Las tradiciones, extrañas o no, son parte de la cultura y creencias de cada lugar.

En la ciudad Maravillosa hay tradiciones arraigadas en familias paceñas, tradiciones que mezclan lo místico ancestral con lo religioso, lo mítico con la realidad, la creencia popular con los deseos cumplidos mediante ofrendas, sacrificios o promesas.

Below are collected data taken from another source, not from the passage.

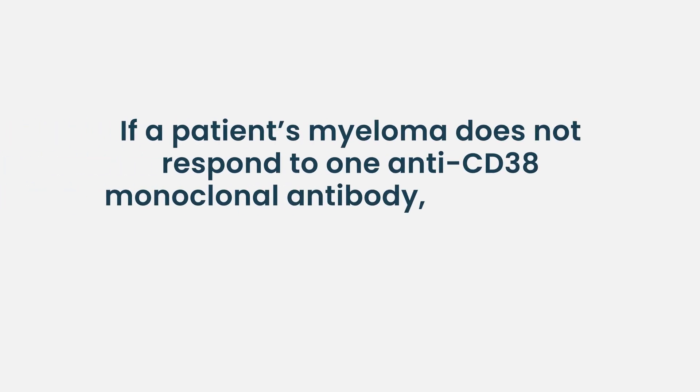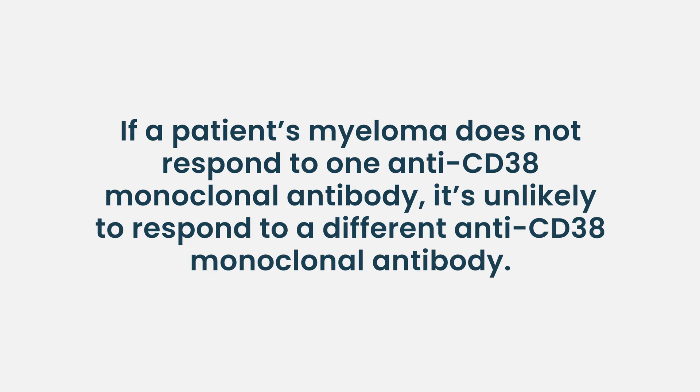We are investigating whether patients who don't respond to daratumumab will get any benefit from isatuximab. We won't have head-to-head data looking at that. I kind of use them interchangeably, so if you're not responding to a CD38 monoclonal antibody in general, it's unlikely you're going to respond just to a different formulation of it.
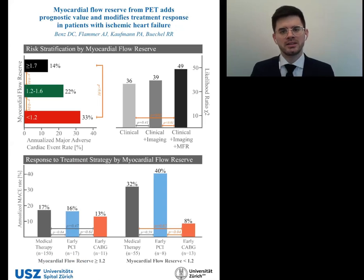To test whether this improved risk stratification results in better patient management, we stratified patients by treatment strategy — that means medical therapy, early PCI, or early CABG — and categorized them into those with high and those with low myocardial flow reserve. After adjusting for all clinical and imaging covariates, there was a significant interaction between treatment strategy and myocardial flow reserve.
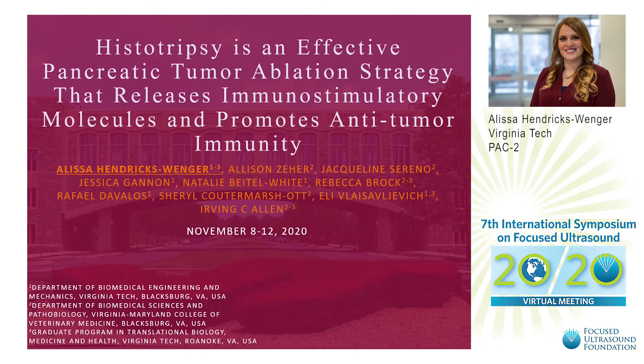Hi, my name is Alyssa, and I'm a PhD student at Virginia Tech. Today, I'm going to share some of my work on the histotripsy treatment of pancreatic cancer, specifically investigating how histotripsy can release immunostimulatory molecules and promote anti-tumor immunity.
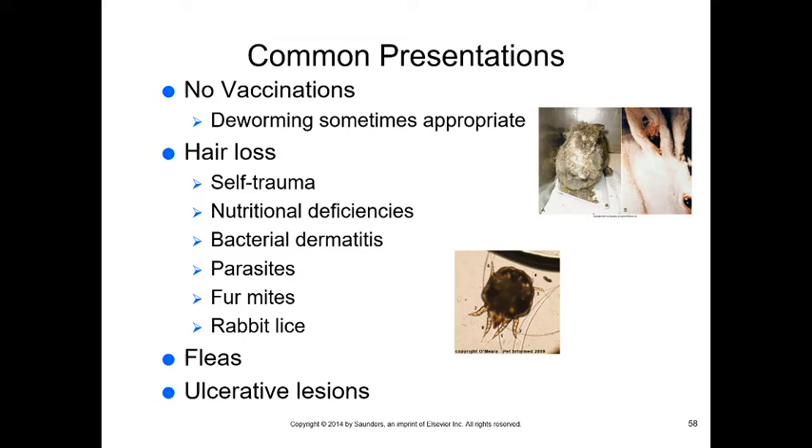We do not currently vaccinate rabbits, though a vaccine for rabbit hemorrhagic disease (a dangerous viral disease spreading globally) may be coming. Deworming is sometimes appropriate; coccidia and ascarids can occur. Dermatologic diseases are common — ear mites, ear infections, fur mites, rabbit lice, bacterial dermatitis, and scabies. Kitten Advantage (flea treatment) can be used on rabbits. Ulcerative lesions and ringworm (fungal) also occur.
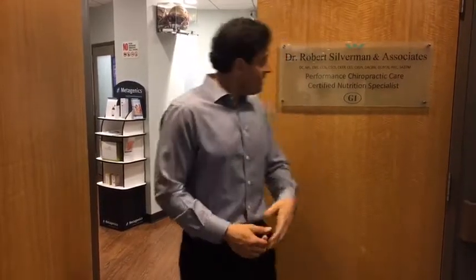Hey everybody, Dr. Rob here. Thanks for tuning in. We're gonna do a tour of my office today. I've got a lot of requests from patients and other people who were curious about what my office looks like, so today is the day. If any patients are watching, give a comment, talk about a treatment that you got, subscribe to my YouTube. Let me show you some things we can do for you and how we can help you get on that health path. So come on in.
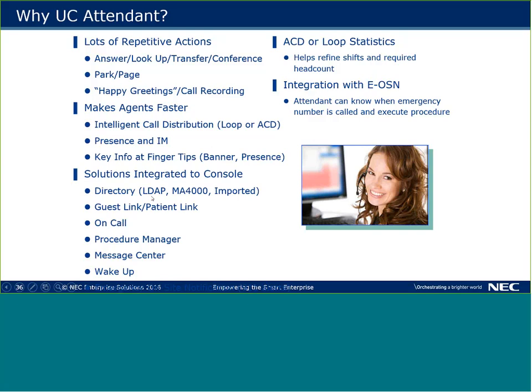It's similar to what we do with Guest Link and Patient Link. Guest Link is for hospitality or hotels with new guests coming and going daily — we link to their property management system so new guests are pushed to us and removed when they leave. Patient Link is an HL7 link for healthcare: as new patients come in or are discharged, it updates the UA5200 database. Optional features include on-call procedure manager, message center, and wake-up. I'm going to show you slides on those.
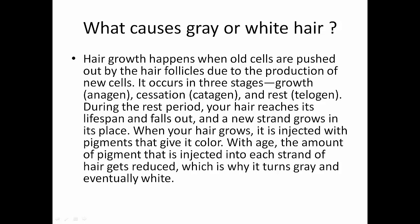What causes gray or white hair? Hair growth happens when old cells are pushed out by the hair follicles due to the production of new cells. It occurs in three stages: growth (anagen), cessation (catagen), and rest (telogen). During the rest period, your hair reaches its lifespan and falls out, and a new strand grows in its place. When your hair grows, it is injected with pigments that give it color. With age, the amount of pigment injected into each strand of hair gets reduced, which is why it turns gray and eventually white.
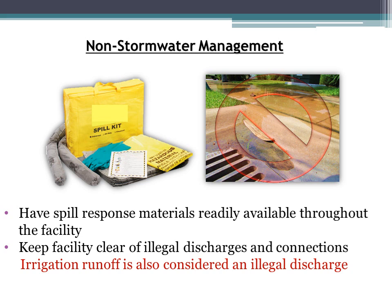Non-stormwater management BMPs prevent non-rain water discharges from getting into storm drains. These include having spill response materials available at the facility and cleaning up spills immediately. Keep your facility clear of illegal discharges — essentially anything that is not stormwater — and free of illegal connections to the storm drain system. Irrigation runoff is also considered an illegal discharge; if your sprinklers cause water to overflow onto the street or sidewalk, recalibrate them, because even clean water becomes contaminated with bacteria and pollution as it flows down the street before entering storm drains.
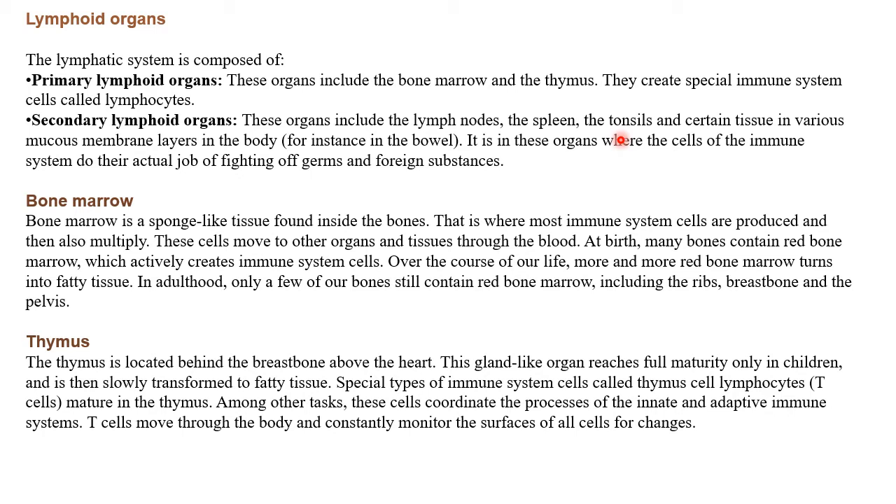Let's move towards bone marrow and thymus, which are the primary lymphoid organs. Bone marrow is a sponge-like tissue found inside the bone. That is where most immune system cells are produced and then multiply. These cells move to other organs and tissues through the blood. At birth, many bones contain red bone marrow, which actively creates immune system cells. Over the course of our life, more and more red bone marrow turns into fatty tissue.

Las calaveras protectoras o ñatitas, son osamentas de cabezas humanas, a las que se les prende velas, se las cuida y se les pide su protección, además se espera que ellas puedan interceder en favor de la familia en el más allá.

La Ch’alla, es un rito mediante el cual se ofrece a la Pachamama (Madre Tierra) una mesa o apxata con dulces, lanas, papeles de colores, vino, alcohol, flores, y en muchos casos el feto de una llama, para agradecer todo lo que nos brinda, esto se hace generalmente el martes de Carnaval, sin embargo, el ritual también se repite en construcciones y en compras de terrenos o carros. La mesa debe ser enterrada.

El primer viernes de cada mes, se hace la K’oa, un acto en agradecimiento a la Pachamama, así ella bendice nuestros bienes materiales, también se la utiliza para hacer limpias de casas generalmente en agosto. En este ritual se quema incienso y otros materiales sobre un brasero y se va ahumando cuarto por cuarto, o el lugar escogido.

El 24 de enero hay una fiesta que se denomina Alasita, la traducción sería «cómprame». La tradición dice que ese día, al medio día exactamente, hay que comprar objetos en miniatura que son anhelados por las personas, posteriormente se los hace bendecir con un sacerdote o un yatiri, así hacer realidad los deseos de tener una nueva casa, auto, título profesional, etc. El encargado de que todo esto sea posible es El Ekeko, considerado el Rey de la Abundancia

Es inevitable ver en todas ellas el mestizaje de nuestras costumbres.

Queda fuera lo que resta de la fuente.